Tuesday, March 25, 2008

The Joys of Tolerance

Imagine if everyone looked like you, thought like you, dressed like you, ate like you, smelt like you, and spoke like you…imagine how boring that would be.

Now imagine if you did not accept, hated, made fun of people because they did not look like you, did not dress like you, did not eat like you, did not smell like you, and did not speak like you...imagine how intolerant you would be.

Tolerance is a gift that only the enlightened is blessed with. Appreciating difference is the closest way to acknowledging that we are the same deep down inside. It is the only way to be in touch with our humane and empathetic sides. Learning to appreciate difference is the first step in learning to enjoy life and to love one’s self.

Today we are surrounded with countless divisions (poisons) disguised as Muslim, Christian, Sunni, Shii, Catholic, protestant, black, white, Jordanian, Palestinian, Saltee, Karakee, Nabulsee, Khaleelee, and so on and so forth. With all these choices.....what choice do we make?

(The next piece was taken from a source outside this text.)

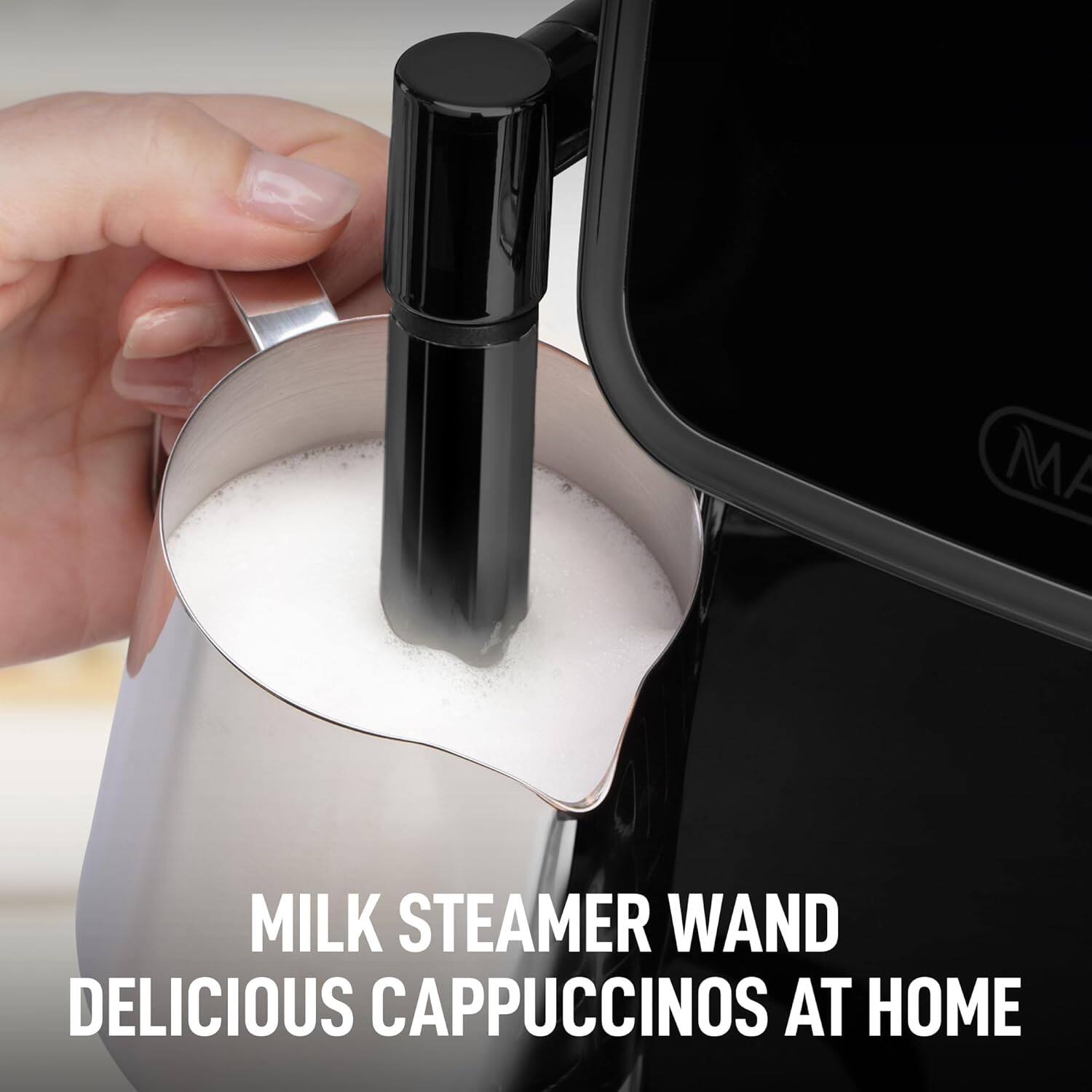 MILK STEAMER WAND DELICIOUS CAPPUCCINOS AT HOME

One of my favorite philosophers, Michel Montaigne, wrote in one of his essays what must be the most beautiful description of what any civilized person should aspire to be:

“I am not guilty of the common error of judging another by myself. I easily believe that in another’s humor which is contrary to my own; and though I find myself engaged to one certain form, I do not oblige others to it, as many do; but believe and apprehend a thousand ways of living; and, contrary to most men, more easily admit of difference than uniformity amongst us. I as frankly as any one would have me, discharge a man from my humors and principles, and consider him according to his own particular model. Though I am not continent myself, I nevertheless sincerely approve the continence of the Feuillans and Capuchins, and highly commend their way of living. I insinuate myself by imagination into their places, and love and honor them the more for being other than I am. I very much desire that we may be judged every man by himself, and would not be drawn into the consequence of common examples”.